▼▼▼
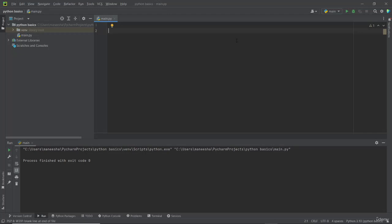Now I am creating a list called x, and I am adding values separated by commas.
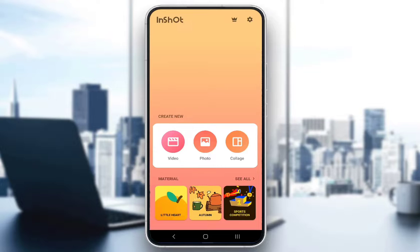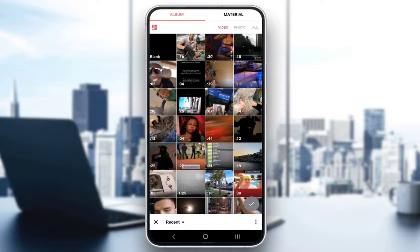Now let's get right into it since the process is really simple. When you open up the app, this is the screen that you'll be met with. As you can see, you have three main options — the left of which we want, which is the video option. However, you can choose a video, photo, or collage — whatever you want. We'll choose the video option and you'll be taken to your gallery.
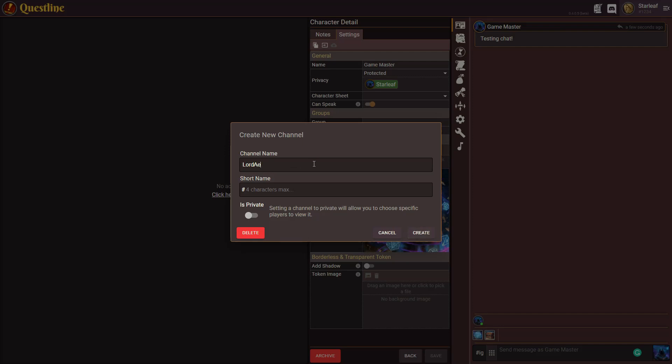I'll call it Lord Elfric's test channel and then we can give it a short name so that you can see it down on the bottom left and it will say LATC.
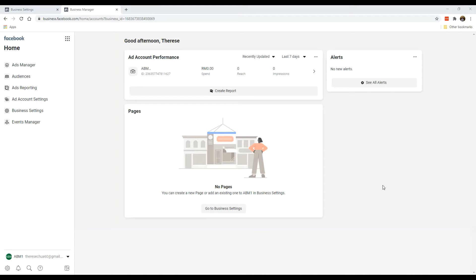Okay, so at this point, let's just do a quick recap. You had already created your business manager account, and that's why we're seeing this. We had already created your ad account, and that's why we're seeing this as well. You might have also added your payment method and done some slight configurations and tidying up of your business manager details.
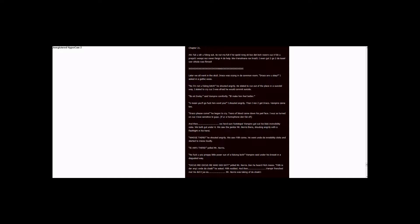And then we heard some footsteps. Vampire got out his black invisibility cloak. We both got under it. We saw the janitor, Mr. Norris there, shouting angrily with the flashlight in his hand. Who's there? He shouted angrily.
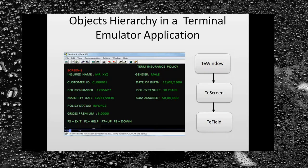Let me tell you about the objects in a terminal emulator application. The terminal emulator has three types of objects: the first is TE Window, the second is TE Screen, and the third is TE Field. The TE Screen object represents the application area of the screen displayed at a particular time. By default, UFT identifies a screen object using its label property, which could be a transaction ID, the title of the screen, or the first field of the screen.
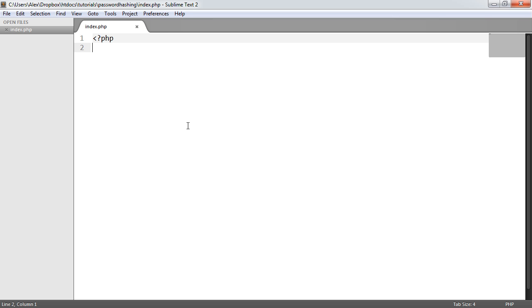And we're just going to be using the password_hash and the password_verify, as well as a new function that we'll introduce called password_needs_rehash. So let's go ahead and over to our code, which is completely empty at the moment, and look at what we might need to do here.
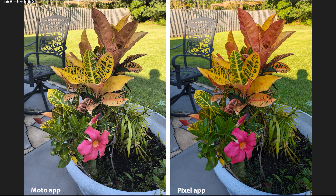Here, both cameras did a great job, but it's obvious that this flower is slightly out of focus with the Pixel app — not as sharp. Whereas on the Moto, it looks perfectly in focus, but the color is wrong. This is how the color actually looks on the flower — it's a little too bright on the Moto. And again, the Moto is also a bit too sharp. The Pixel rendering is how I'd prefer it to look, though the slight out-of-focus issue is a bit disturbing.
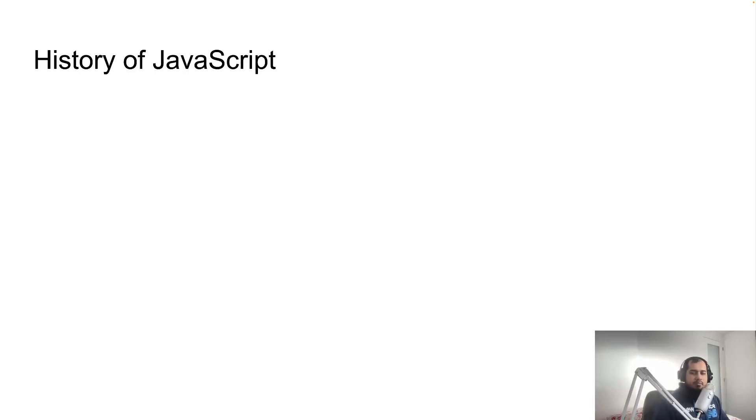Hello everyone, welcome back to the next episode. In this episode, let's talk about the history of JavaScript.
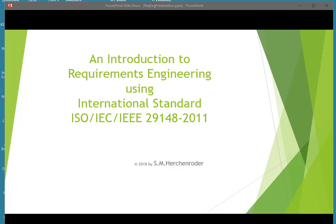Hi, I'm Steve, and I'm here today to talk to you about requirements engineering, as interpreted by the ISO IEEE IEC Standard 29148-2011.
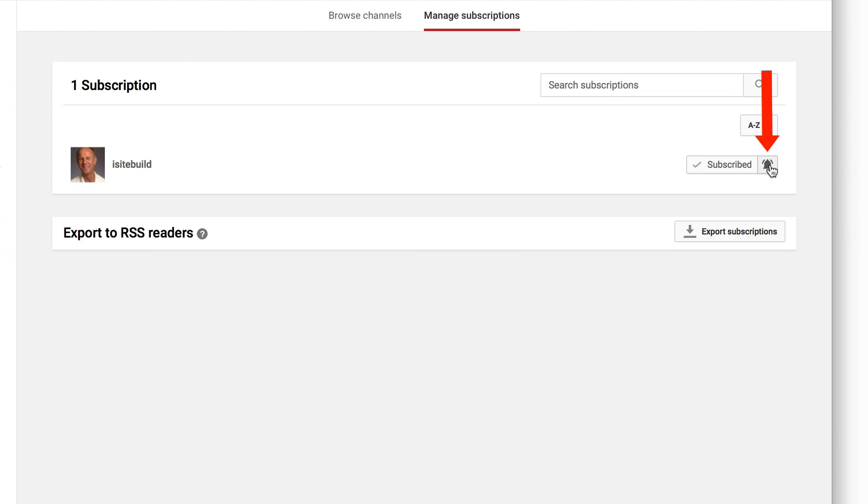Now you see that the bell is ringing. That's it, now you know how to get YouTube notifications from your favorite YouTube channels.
▲▲▲
--- Work request ---
When you copy the entries above, keep every word exactly and omit the images.

--- Written solution ---
Now I am creating a list called x, and I am adding values separated by commas.
Now let's get right into it since the process is really simple. When you open up the app, this is the screen that you'll be met with. As you can see, you have three main options — the left of which we want, which is the video option. However, you can choose a video, photo, or collage — whatever you want. We'll choose the video option and you'll be taken to your gallery.
I'll call it Lord Elfric's test channel and then we can give it a short name so that you can see it down on the bottom left and it will say LATC.
Okay, so at this point, let's just do a quick recap. You had already created your business manager account, and that's why we're seeing this. We had already created your ad account, and that's why we're seeing this as well. You might have also added your payment method and done some slight configurations and tidying up of your business manager details.
And then we heard some footsteps. Vampire got out his black invisibility cloak. We both got under it. We saw the janitor, Mr. Norris there, shouting angrily with the flashlight in his hand. Who's there? He shouted angrily.
Let me tell you about the objects in a terminal emulator application. The terminal emulator has three types of objects: the first is TE Window, the second is TE Screen, and the third is TE Field. The TE Screen object represents the application area of the screen displayed at a particular time. By default, UFT identifies a screen object using its label property, which could be a transaction ID, the title of the screen, or the first field of the screen.
And we're just going to be using the password_hash and the password_verify, as well as a new function that we'll introduce called password_needs_rehash. So let's go ahead and over to our code, which is completely empty at the moment, and look at what we might need to do here.
Here, both cameras did a great job, but it's obvious that this flower is slightly out of focus with the Pixel app — not as sharp. Whereas on the Moto, it looks perfectly in focus, but the color is wrong. This is how the color actually looks on the flower — it's a little too bright on the Moto. And again, the Moto is also a bit too sharp. The Pixel rendering is how I'd prefer it to look, though the slight out-of-focus issue is a bit disturbing.
Hello everyone, welcome back to the next episode. In this episode, let's talk about the history of JavaScript.
Hi, I'm Steve, and I'm here today to talk to you about requirements engineering, as interpreted by the ISO IEEE IEC Standard 29148-2011.
Now you see that the bell is ringing. That's it, now you know how to get YouTube notifications from your favorite YouTube channels.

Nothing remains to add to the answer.